1. A method for extending the frequency band of an audio signal in a decoding or improving process, comprising a step of decoding or extracting coefficients of a linear predictive filter and an excitation signal in a first frequency band called the low band, the method's It is characterized in that it comprises the following steps:

- obtaining an extended signal in at least one second frequency band (U _HB2 (k), E403) from an oversampled and extended excitation signal in at least one second frequency band (U _HB1 (k), E401) higher than the first frequency band );

- scaling (E406) the spread signal with a gain defined for each subframe according to the energy ratio of the frame and the subframe;

- Filtering (E404) the scaled extended signal by a linear prediction filter whose coefficients are derived from the coefficients of the lowband filter.

2. The method according to claim 1, characterized in that it further comprises the step of: performing adaptive bandpass filtering according to the decoding bit rate of the current frame (E405).

3. The method of claim 1, comprising the steps of: time-frequency transforming the excitation signal; obtaining a spread signal which is then performed in the frequency domain; and performing a scaling and filtering step on the spread signal Inverse Time-Frequency Transformation.

4. The method of claim 3, wherein the step of generating an oversampled and extended excitation signal is performed according to the following equation:

{U u}_{H h B B 11} ((k k)) = = \{\begin{matrix} 00 & k k = = 00,, ... ...,, 199199 \\ U u ((k k)) & k k = = 200200,, ... ...,, 239239 \\ U u ((k k + + s the s t t a a r r t t__b b a a n no d d - - 240240)) & k k = = 240240,, ... ...,, 319319 \end{matrix}

where K is the index of the sample, U _HB1 (k) is the spectrum of the expanded excitation signal, U(k) is the spectrum of the excitation signal obtained after the transformation step, and start_band is a predefined variable.

5. Method according to one of claims 1-4, characterized in that it comprises the step of de-emphasis filtering the spread signal at least in the second frequency band.

6. A method as claimed in claim 1, characterized in that it further comprises the step of generating (E402) a noise signal at least in the second frequency band, the extended signal (U _HB2 (k)) by combining (E403) the extended Excitation signal and noise signal are obtained.

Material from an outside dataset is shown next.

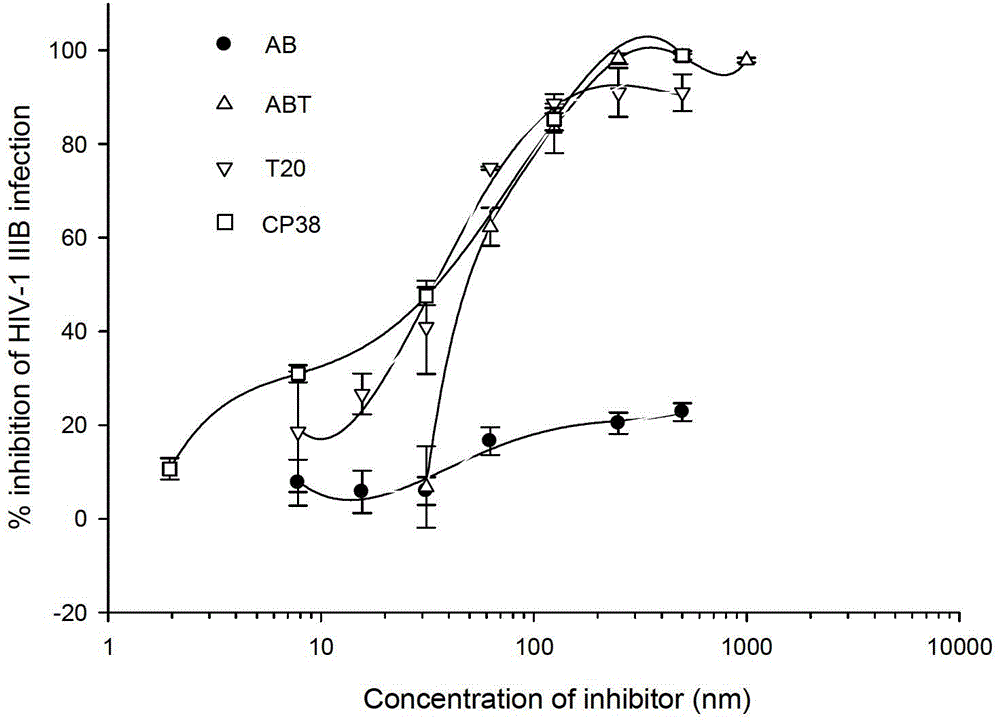 Long-acting HIV-1 (Human Immunodeficiency Virus-1) membrane fusion inhibitor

7. The method of claim 6, wherein the step of combining is performed by adaptive additive mixing with a level equalization gain between the extended excitation signal and the noise signal.

8. A device for extending the frequency band of an audio signal comprising a stage for decoding or extracting coefficients of a linear prediction filter and an excitation signal in a first frequency band called the low band, the device being characterized in that it comprises:

- for obtaining an extended signal in at least one second frequency band (U _HB2 (k), 503 ) from an excitation signal oversampled and extended in at least one second frequency band (U _HB1 (k)) higher than the first frequency band ) module;

- means for scaling (507) the extended signal with a gain defined for each subframe according to the energy ratio of each frame and subframe of the audio signal in the first frequency band;

- means (510) for filtering the scaled extension signal by a linear prediction filter, the coefficients of which are derived from the coefficients of the lowband filter.

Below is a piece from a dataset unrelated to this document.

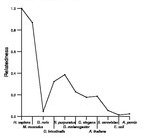 comparative genomics plot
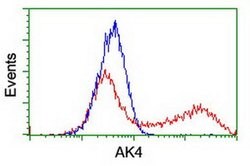AK4 Monoclonal Antibody (OTI1H1), TrueMAB , OriGene 100 &mu;L; Unconjugated:Antibodies,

9. An audio signal decoder, characterized in that it comprises the frequency band extension device as claimed in claim 8.

10. A computer program comprising code instructions which, when executed by a processor, implement the steps of the frequency band extension method according to one of claims 1-7.

11. A storage medium readable by a frequency band extension device, in which a computer program containing code instructions for performing the steps of the frequency band extension method according to one of claims 1-7 is stored.